Simple Linear Regression
train.lm <- lm(SalePrice ~ LotArea, data=data)
summary(train.lm)##
## Call:
## lm(formula = SalePrice ~ LotArea, data = data)
##
## Residuals:
## Min 1Q Median 3Q Max
## -275668 -48169 -17725 31248 553356
##
## Coefficients:
## Estimate Std. Error t value Pr(>|t|)
## (Intercept) 1.588e+05 2.915e+03 54.49 <2e-16 ***
## LotArea 2.100e+00 2.011e-01 10.45 <2e-16 ***
## ---
## Signif. codes: 0 '***' 0.001 '**' 0.01 '*' 0.05 '.' 0.1 ' ' 1
##
## Residual standard error: 76650 on 1458 degrees of freedom
## Multiple R-squared: 0.06961, Adjusted R-squared: 0.06898
## F-statistic: 109.1 on 1 and 1458 DF, p-value: < 2.2e-16Residuals
The median value being not being anywhere near zero, and the first and
third quartile not approximating of each other suggests that the
residuals are not normally distributed. Additionally, minimum and
maximum values are not of similar magnitude, which provides some
evidence that the model is not a good fit.
Coefficients
LotArea p-value for this model is statistically significant (p=value
<0.05). The t-value for LotArea is 10.45. This high t-value suggests
a strong statistical significance of the LotArea coefficient in
predicting SalePrice.
Residual Standard Error and Degrees of Freedom
Generally speaking, residual standard error that is approximately 1.5
times the 1st and 3rd quartile residuals provides evidence that
residuals are normally distributed. Althought the RSE is 1.5 times the
first quartile residual, the RSE is not 1.5 the 3rd quartile residuals
suggesting that the residuals are not noramlly distributed.

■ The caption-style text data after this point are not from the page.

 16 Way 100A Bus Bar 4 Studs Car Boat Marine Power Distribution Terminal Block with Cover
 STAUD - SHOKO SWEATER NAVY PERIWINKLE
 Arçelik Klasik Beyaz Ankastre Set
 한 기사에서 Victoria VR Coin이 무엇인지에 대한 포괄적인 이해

The Multiple R-squared Value
The reported R2 of 0.06961 for this model means that 7% of the
variability in SalePrice is explained by the model.
Residual Plots
# Plot
par(mfrow=c(2,2))
plot(train.lm)
Below, residual analysis is conducted in the form of Residual versus Fitted Value Plot and a Q-Q Plot
Residual versus Fitted Value Plot
For a Residual versus Fitted Value Plot to support the linear model,
residuals should be scattered around the horizontal axis where the
residual equals zero. The above Residual versus Fitted Value Plot
provides possible evidence that 1. there are significant outlyiers
influencing the model, 2. the relationship is not linear as the data is
not scattered around the y axis zero value randomly.
Q-Q Plot
For the Q-Q Plot to support our linear model, we would expect the
plotted values to follow a straight line, indicating the residuals were
normally distributed. Below our model’s Q-Q Plot suggests that the
distribution of the residuals are not normal, with the right tail
deviating significantly from the expected straight line, alluding to
skew and outlyiers. This suggests that the model could be improved.

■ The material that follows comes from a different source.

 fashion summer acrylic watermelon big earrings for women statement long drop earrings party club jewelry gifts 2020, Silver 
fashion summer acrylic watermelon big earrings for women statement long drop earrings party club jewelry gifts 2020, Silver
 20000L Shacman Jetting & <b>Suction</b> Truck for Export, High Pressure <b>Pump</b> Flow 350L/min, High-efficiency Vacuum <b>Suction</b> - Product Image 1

Conclusion Although there is evidence to suggest that there is a association between LotArea and SalePrice, mainly a statistically significant t-value, residual analysis alludes to outlyiers and non-normal residual distribution. Accounting for the outliers could improve the model, as could multiple regression technique. Even then, the relationship between the two variables may not be linear. More analysis to improve the model.